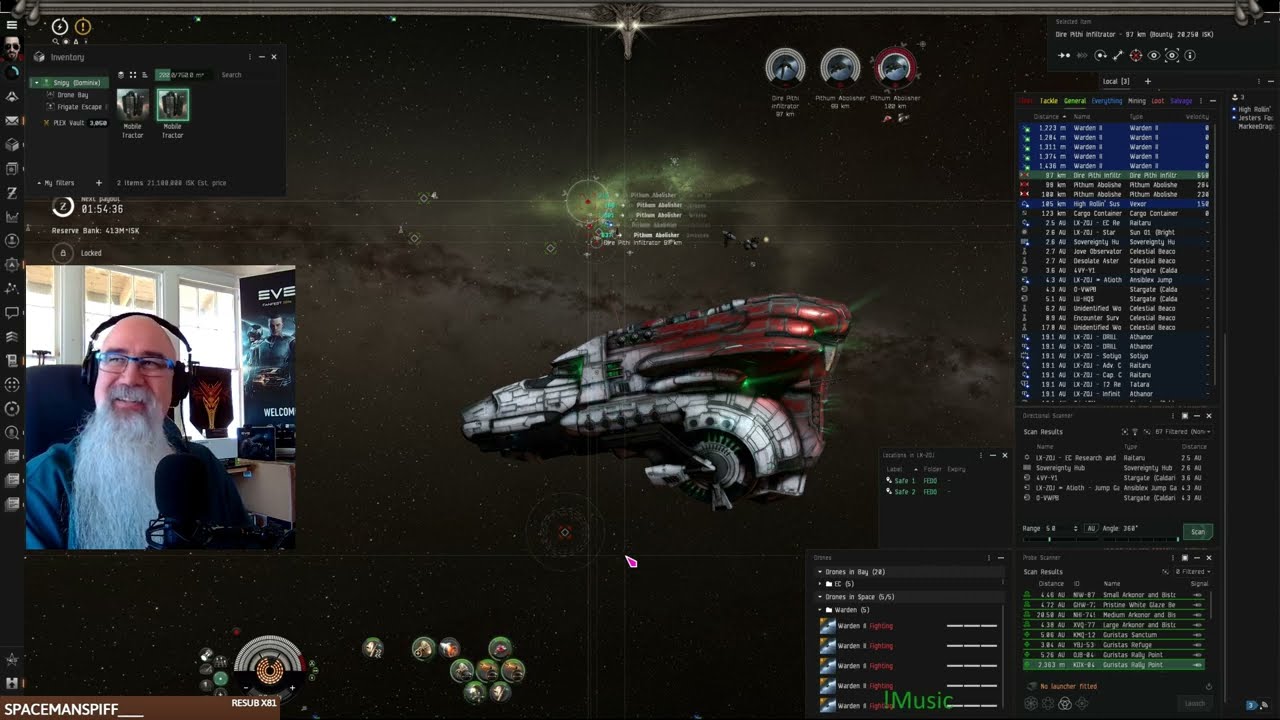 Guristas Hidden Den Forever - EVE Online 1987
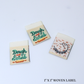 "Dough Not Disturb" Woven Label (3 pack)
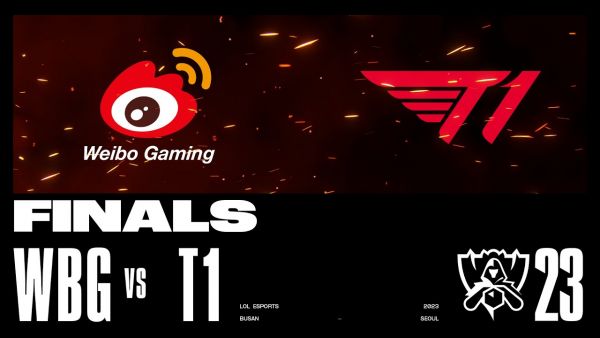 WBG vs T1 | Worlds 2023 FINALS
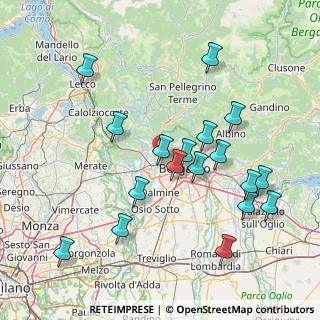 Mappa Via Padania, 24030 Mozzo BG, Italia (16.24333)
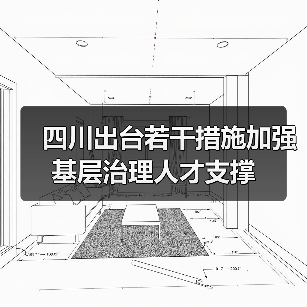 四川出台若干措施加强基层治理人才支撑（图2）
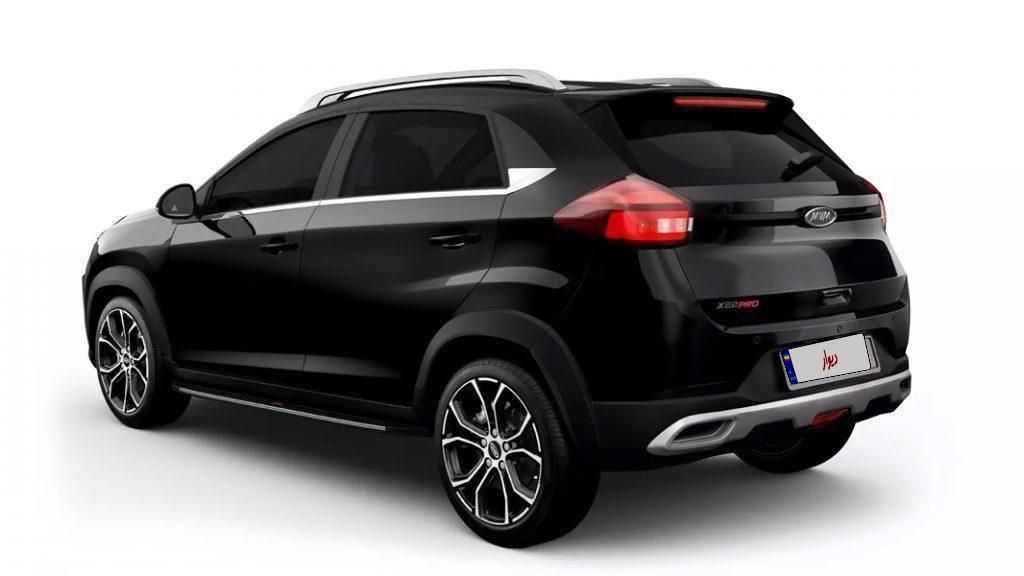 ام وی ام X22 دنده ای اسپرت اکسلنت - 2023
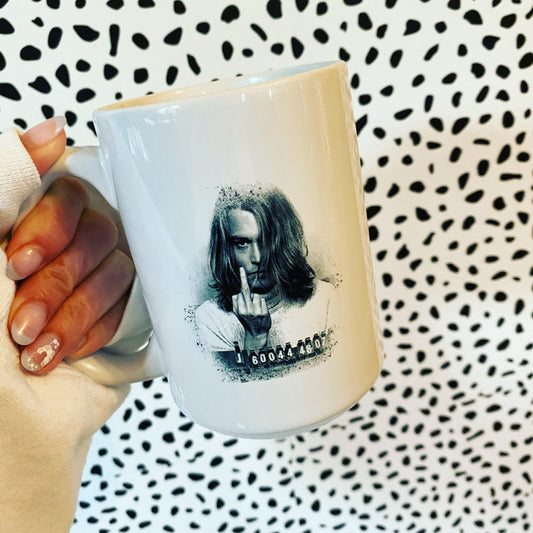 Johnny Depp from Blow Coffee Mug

──────

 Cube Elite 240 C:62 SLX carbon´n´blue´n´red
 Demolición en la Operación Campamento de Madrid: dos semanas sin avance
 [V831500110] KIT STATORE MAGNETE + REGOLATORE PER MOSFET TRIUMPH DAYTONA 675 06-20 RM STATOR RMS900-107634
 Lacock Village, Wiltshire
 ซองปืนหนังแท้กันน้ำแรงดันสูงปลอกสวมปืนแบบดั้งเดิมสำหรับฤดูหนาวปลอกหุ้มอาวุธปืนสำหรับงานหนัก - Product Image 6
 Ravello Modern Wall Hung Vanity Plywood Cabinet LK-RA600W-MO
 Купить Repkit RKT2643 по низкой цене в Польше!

──────

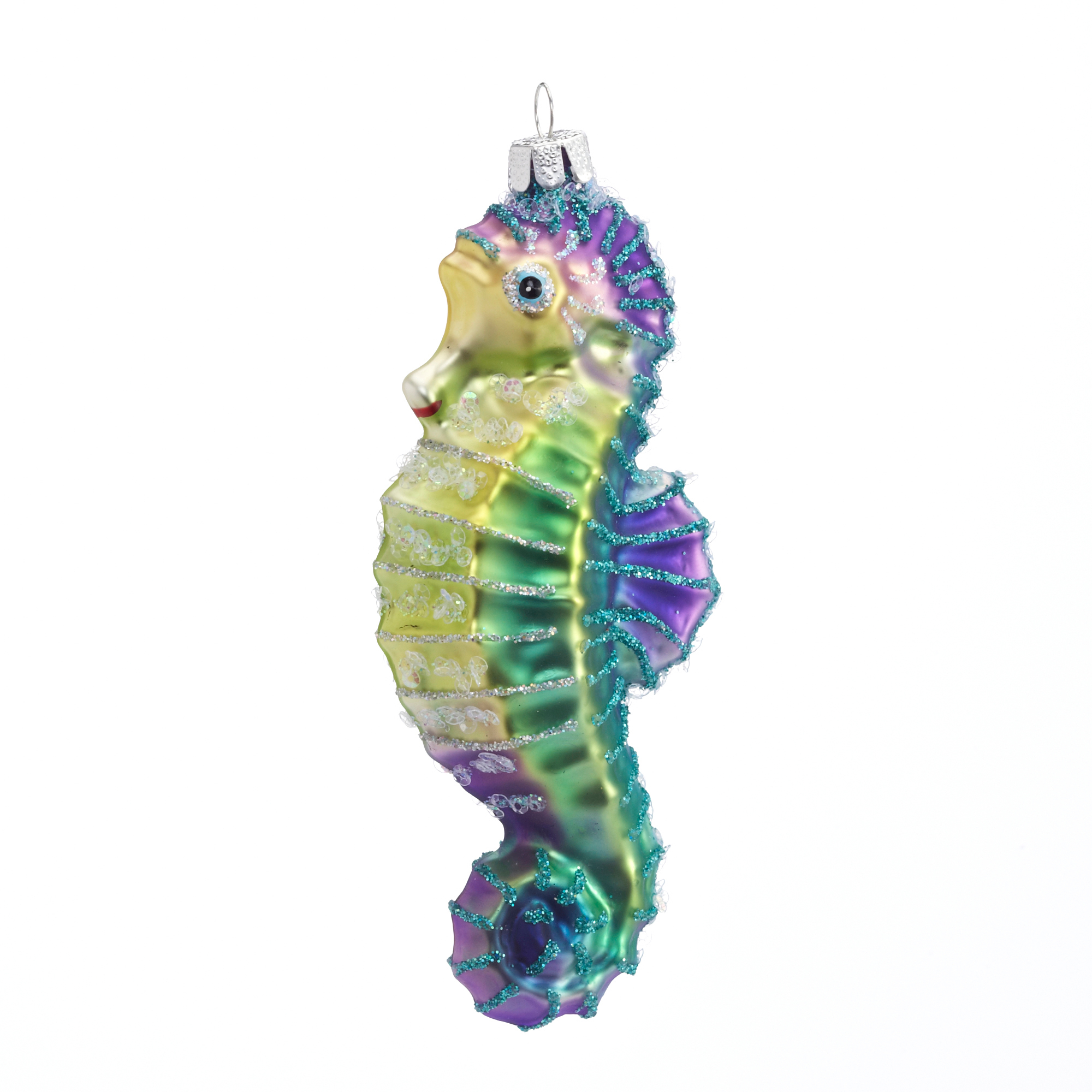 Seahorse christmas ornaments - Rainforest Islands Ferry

──────

### [EXERCISE AIM]
Once the line with "Guristas Hidden Den" is found above, transcribe each line from it through the line with "Johnny Depp from Blow Coffee Mug", exactly, and omit the pictures.

### [OUTPUT FOR THIS TASK]
 Guristas Hidden Den Forever - EVE Online 1987
 "Dough Not Disturb" Woven Label (3 pack)
 WBG vs T1 | Worlds 2023 FINALS
 Mappa Via Padania, 24030 Mozzo BG, Italia (16.24333)
 四川出台若干措施加强基层治理人才支撑（图2）
 ام وی ام X22 دنده ای اسپرت اکسلنت - 2023
 Johnny Depp from Blow Coffee Mug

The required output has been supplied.